The Eagle Mountain-Saginaw Independent School District understands that high school graduation is not an end, but a beginning. The key is for students to identify what they want to do, what they want to be, and what they enjoy doing. That’s where the College, Career, and Military Readiness program can help. 

“For us, what CCMR means is for them to be ready at graduation for whatever their next step is going to be,” said Dr. Dana Eldredge, director of Career and Technical Education. “Whether that’s going directly into the workforce or moving on to college/post-secondary education or the military and then a career after that, they know they are fully prepared.”

Once students determine a potential career path is when the CCMR program really kicks into high gear. For example, those seeking a college degree need to pass a series of tests. Then they take dual credit courses, which if successful, earn them college credits while still in high school. 

“Our goal is to push our students to challenge themselves to take those upper-level classes while in high school,” said John Fahey, director of College, Career, and Military Readiness, who specializes on the collegiate side. 

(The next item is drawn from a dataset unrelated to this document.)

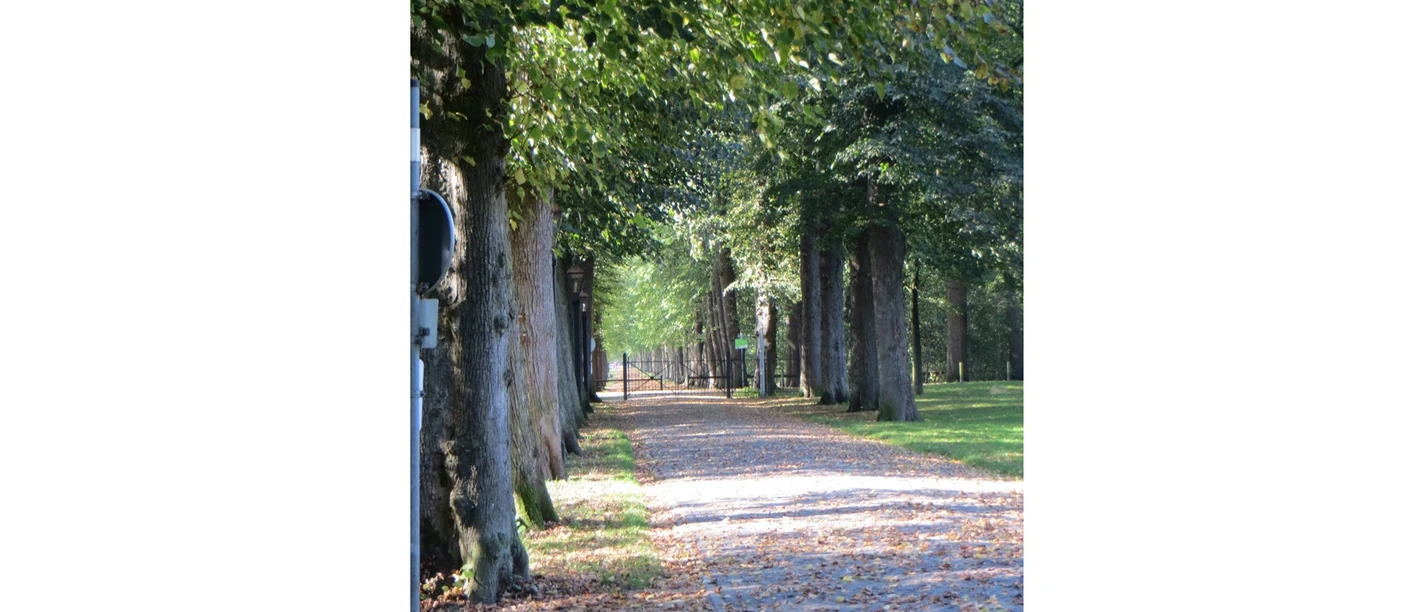 EvenburgPark.jpg Eine von hohen Bäumen gesäumte Allee im Evenburgpark mit Laub auf dem Kopfsteinpflaster.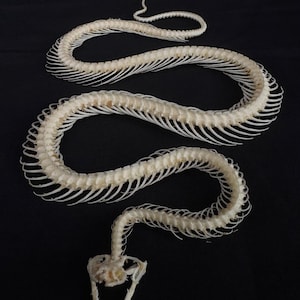 Real Snake Enhydris alternans Skeleton Curved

“We focus on offering courses from the beginning level all the way up to advanced in areas students are interested in and are high demand and high wage,” Fahey said. “And we tie them to
industry-focused certifications, those recognized by a company for when a company comes in and says they want to work for them.”

Eldredge said companies that offer to pay for colleges are the most attractive to her career-bound students. Plus, a shrinking number require bachelor’s degrees.

“Those companies would rather have students come directly to them after graduation, be trained, and if the need arises for a degree, will pay for them,” Fahey said. 

To help students transition into future careers, EMS ISD partners with companies in the manufacturing, construction, land management, and automotive industries. 

“More than anything else, we want kids to understand opportunities,” Eldredge said. “We want kids to take what they really enjoy, are good at and have an interest in, and take that and turn it into a really good, meaningful career that’s going to be around for a long time, and they can be involved with. We want to give them those building blocks. It’s about helping those kids figure out who they want to be and giving them all the tools to move on.”